START Supplied records
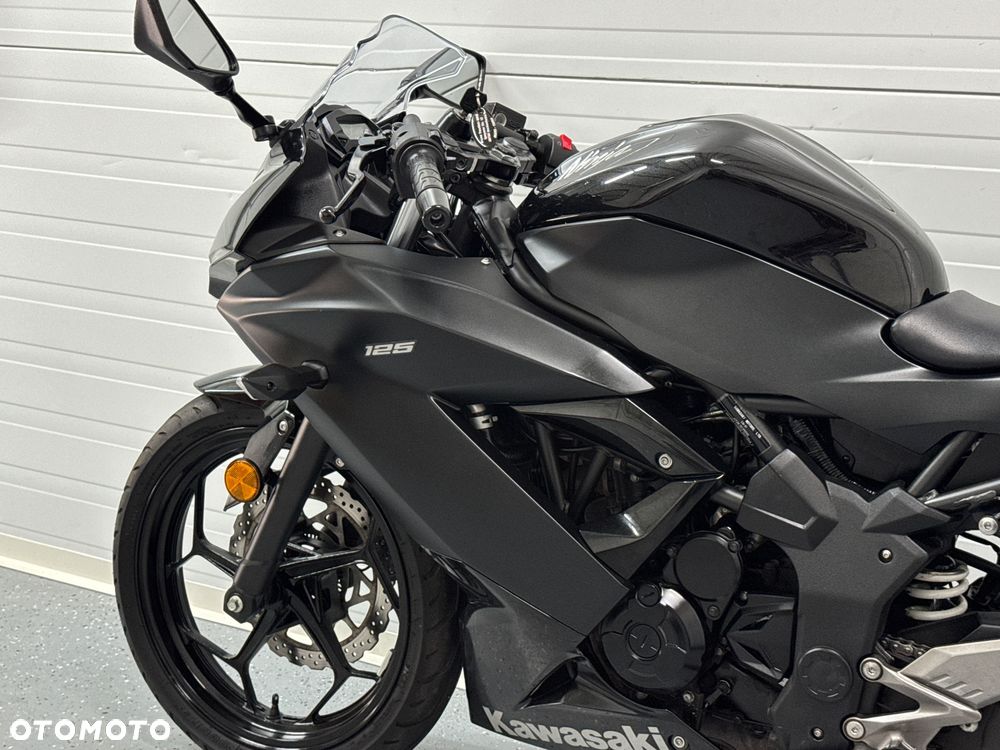 Kawasaki Ninja - 21
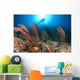 Diver Looks Sea Fans Wall Decal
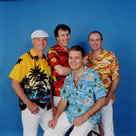 UK Beach Boys Tribute Band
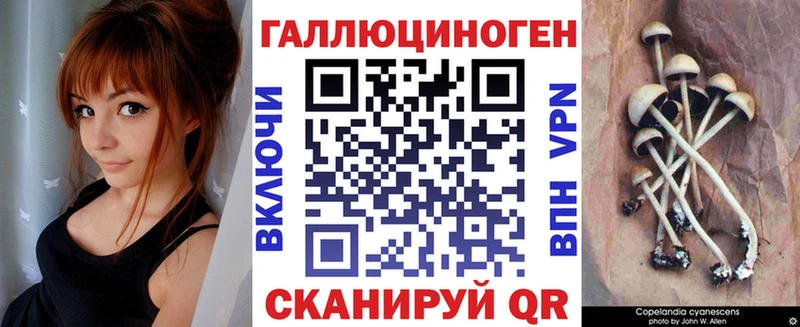 Галлюциногенные грибы мицелий  закладка  площадка формула  Мураши  блэк спрут ТОР 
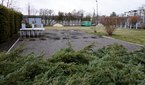 Chcą promować swoją szkołę, więc nagrywają film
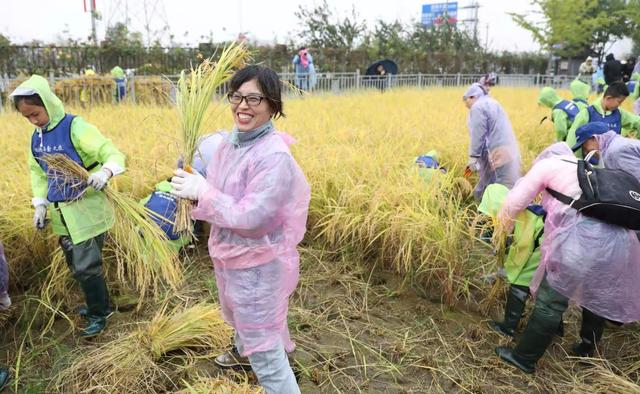 #北京日报客户端#收稻子喽！来园博馆享受“丰收”乐趣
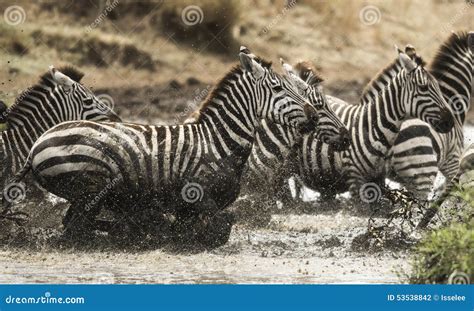 Zebras Galloping in a River, Serengeti, Tanzania Stock Photo - Image of ...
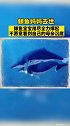 鲸鱼妈妈去世 鲸鱼宝宝用尽全力不让母亲沉淀劲享好春光  中国劲酒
END Supplied records
» **Problem statement**:
Every line from the one containing "UK Beach Boys Tribute Band" through the end of the records is to be returned exactly, and those lines alone; pictures are dropped.

» **Written answer**:
 UK Beach Boys Tribute Band
 Галлюциногенные грибы мицелий  закладка  площадка формула  Мураши  блэк спрут ТОР 
 Chcą promować swoją szkołę, więc nagrywają film
 #北京日报客户端#收稻子喽！来园博馆享受“丰收”乐趣
 Zebras Galloping in a River, Serengeti, Tanzania Stock Photo - Image of ...
 鲸鱼妈妈去世 鲸鱼宝宝用尽全力不让母亲沉淀劲享好春光  中国劲酒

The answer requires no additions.